▶ [Records shown]
═══

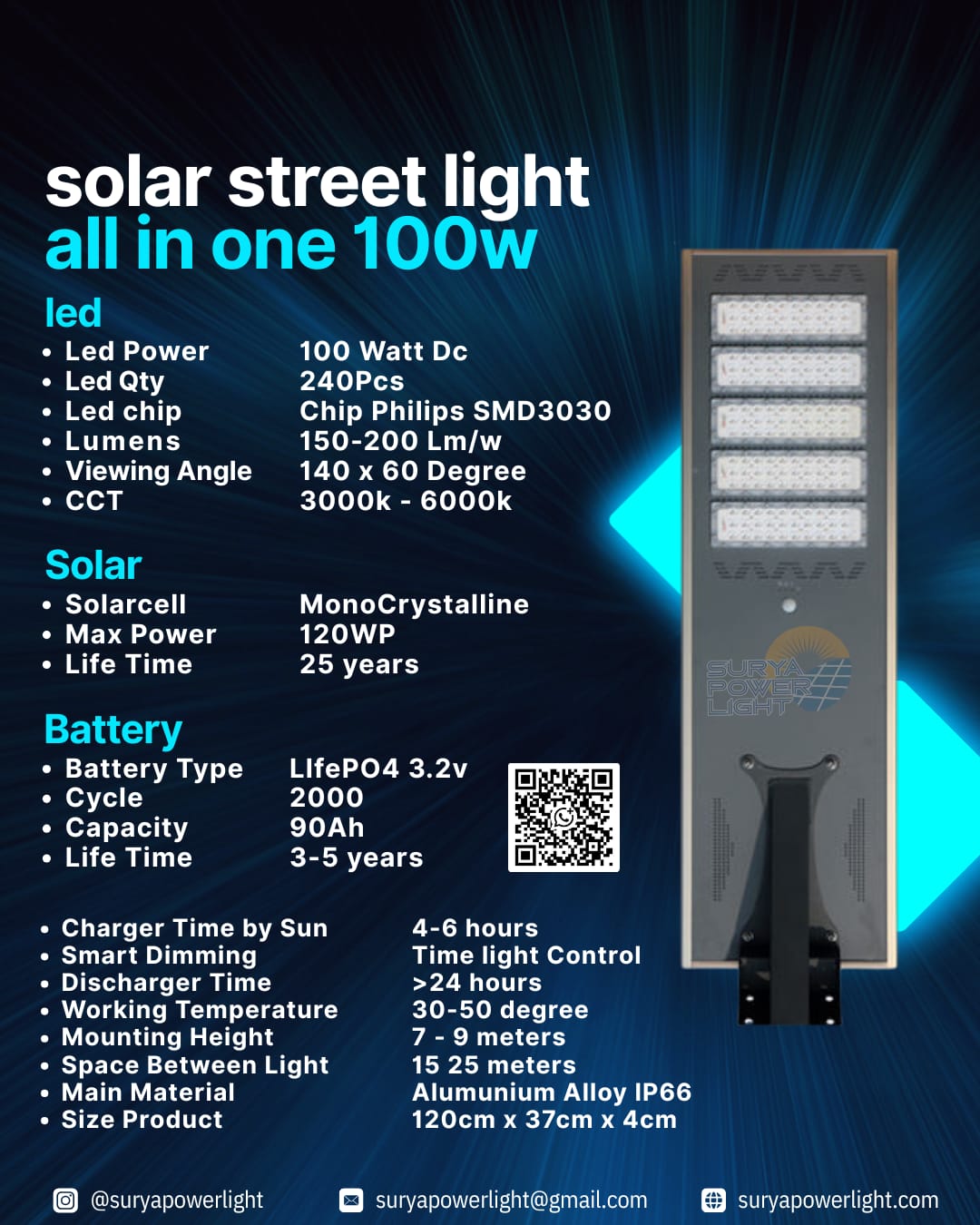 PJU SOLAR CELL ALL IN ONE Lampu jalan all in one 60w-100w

═══

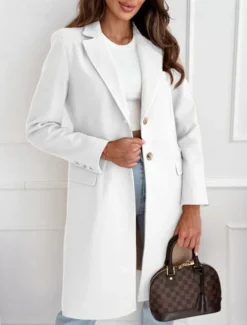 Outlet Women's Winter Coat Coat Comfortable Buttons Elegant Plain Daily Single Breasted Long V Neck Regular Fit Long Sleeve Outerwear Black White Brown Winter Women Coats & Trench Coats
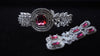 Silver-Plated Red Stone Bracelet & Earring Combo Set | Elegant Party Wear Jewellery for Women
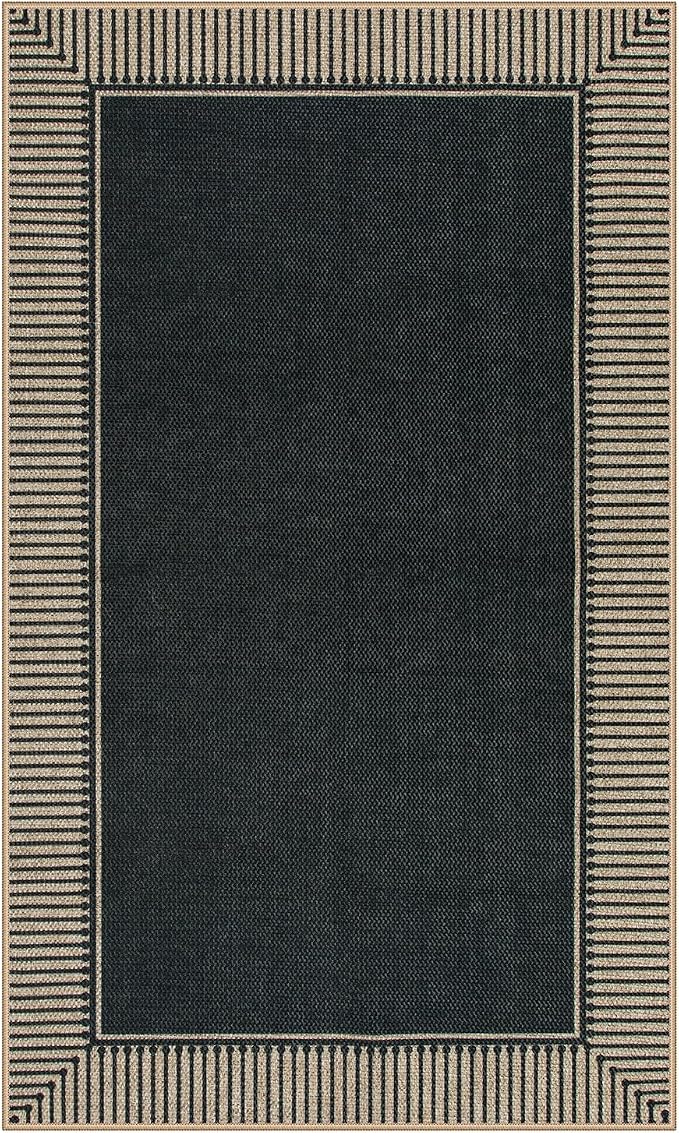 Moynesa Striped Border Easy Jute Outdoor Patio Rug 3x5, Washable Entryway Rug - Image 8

═══

▶ [Exercise aim] Extract, without any images, the part of the material above that opens with the line containing "Outlet Women's Winter" and closes with the line containing "Moynesa Striped Border", both lines included.

▶ [Exercise answer]
 Outlet Women's Winter Coat Coat Comfortable Buttons Elegant Plain Daily Single Breasted Long V Neck Regular Fit Long Sleeve Outerwear Black White Brown Winter Women Coats & Trench Coats
 Silver-Plated Red Stone Bracelet & Earring Combo Set | Elegant Party Wear Jewellery for Women
 Moynesa Striped Border Easy Jute Outdoor Patio Rug 3x5, Washable Entryway Rug - Image 8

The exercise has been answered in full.